> _Work order_
From the line containing "Dr. Sajid Mushtaq (Pathologist) Lahore" down to the line containing "pinsetter-mechanic-bowl-shirt-bowling-tee-tshirt", copy out the entries below exactly, both lines included, and nothing else; pictures do not belong in the copy.

> _Exercise input_
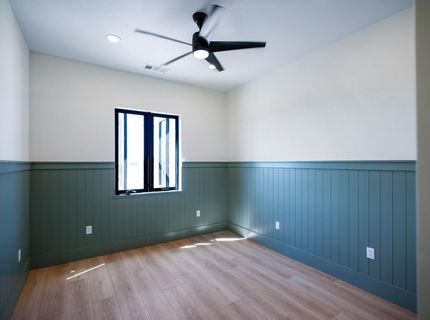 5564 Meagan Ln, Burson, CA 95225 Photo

---

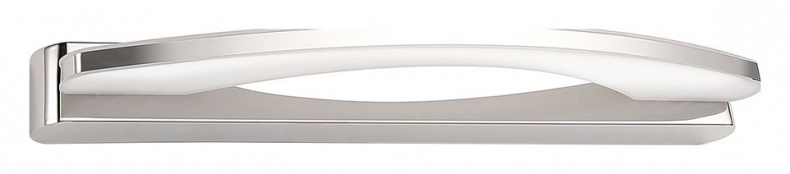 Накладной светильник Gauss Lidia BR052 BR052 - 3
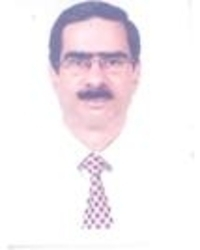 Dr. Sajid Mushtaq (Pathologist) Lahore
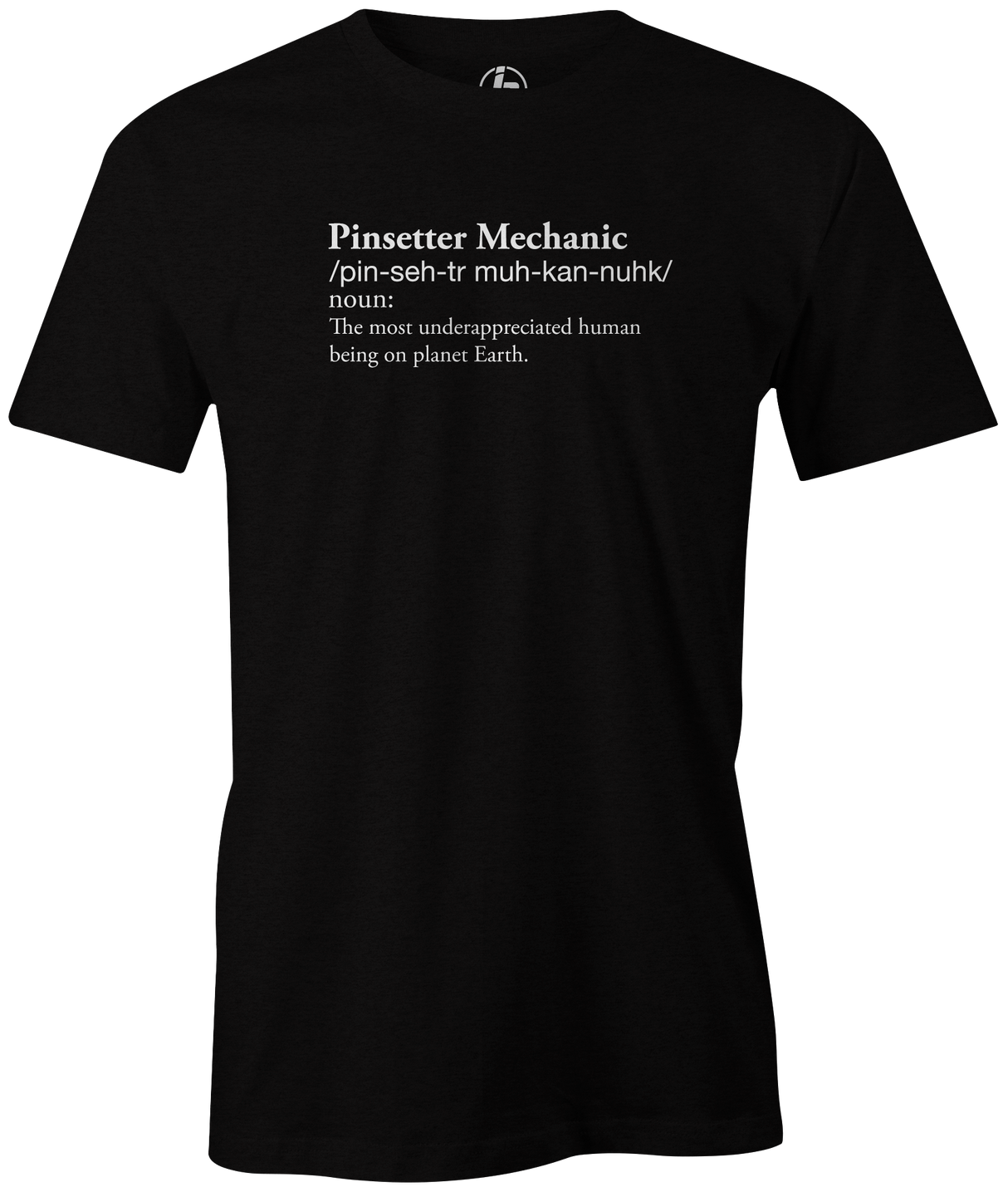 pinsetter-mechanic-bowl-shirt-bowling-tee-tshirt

> _Response_
 Dr. Sajid Mushtaq (Pathologist) Lahore
 pinsetter-mechanic-bowl-shirt-bowling-tee-tshirt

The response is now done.